Как мне Вас жаль, мой бедный, милый друг, что Вам не удалось и отдохнуть после петербургских мытарств. Эта судьба, она бывает очень злая и в особенности любит указывать людям, что все их планы и проекты ничего не значат против ее каприза. Ведь придумала же наслать на Вас великого князя. А как я рада, что Вас в Петербурге так чествовали. Пора нам ценить свое великое, хотя, я думаю, этого свойства нельзя будет найти в театральной дирекции; это такое богопротивное учреждение, которое не умеет, да и не хочет ценить ничего хорошего.
Как идет предмет постановки к будущему сезону Вашей “Jeanne d'Arc”, Петр Ильич, обещают ее поставить или сперва еще какую-нибудь Гpоссмановскую “Тень” будут показывать публике? Вот эти-то всякие китайские тени и заслоняют действительных талантов русских. Дай бог, чтобы общественное мнение пришло на помощь “Jeanne d'Arc” и защитило бы ее против этой возмутительной дирекции....

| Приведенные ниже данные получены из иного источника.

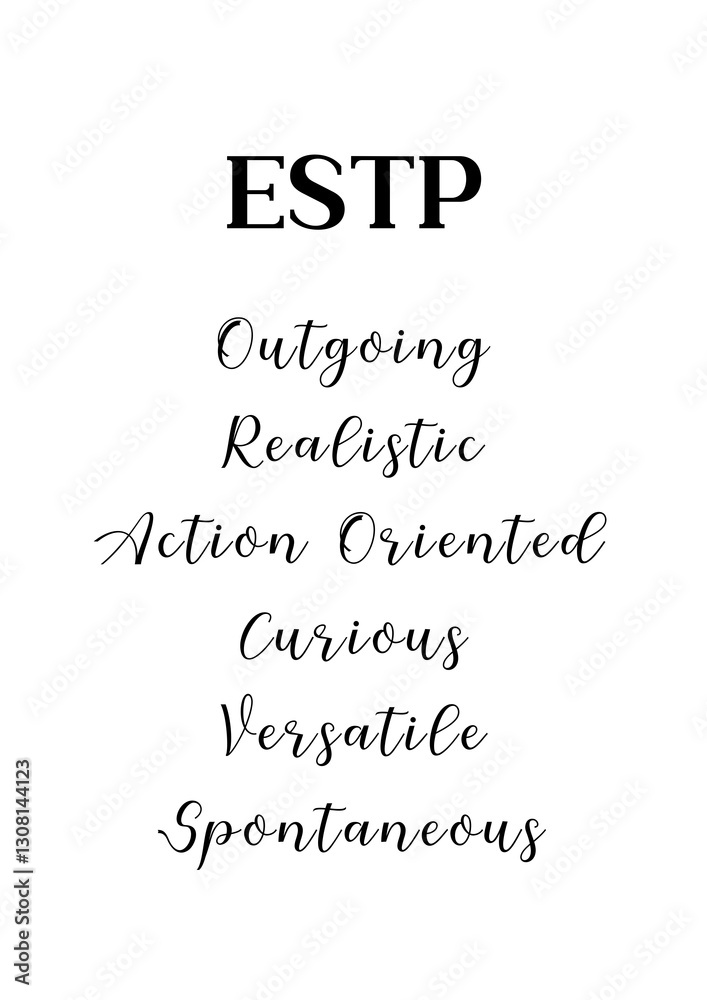 Obraz premium business word, MBTI, ESTP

Пожалуйста, милый друг мой, не отвечайте мне здесь на мои письма и не пишите мне их. Я понимаю, что Вам и времени мало и расположение духа дурное, и потому убедительно повторяю свою просьбу не писать мне совсем, пока Вы в Москве.
До свидания, милый, дорогой друг. Всем сердцем безгранично Вас любящая
Н. ф.-Мекк.
237. Мекк - Чайковскому
Москва,
8 апреля 1880 г.
7 часов утра.
Очень, очень благодарю Вас, мой милый, дорогой друг, за присылку мне вещей, купленных Вами для родных. Все эти вещи очень хорошенькие, но это не та работа, о которой я говорила, что она очень дорога. Я подразумевала mosaique и образцы такой работы я пришлю Вам показать через Пахульского. Теперь попытаюсь угадать цены вещей: 1) браслет с cornaline стоит 200 L[ires], 2) крест с сапфирами-также около 200 L, 3) крест с голубою mosaique и жемчугом-150 L, 4) золотой pendent cuvrage filigrane-60 L, 5) колечки с бирюзою и жемчугом-по 40 L и 6) самые маленькие колечки, одно из них-15 и другое (с висюльками)-10 L. Близко ли я угадала или нет? Если я дурно оценила, то простите мне, друг мой, Верно я знаю только то, что эти вещи очень, очень миленькие, не знаешь, которой отдать предпочтение, которую смотришь, та и лучше.
А у меня все дела, расчеты, разговоры. Вчера я должна была говорить и делать самые сложные расчеты четыре часа сряду и хотя я устала ужасно, но так как этот разговор шел с Володею, то я вынесла из него самое [конец письма не сохранился].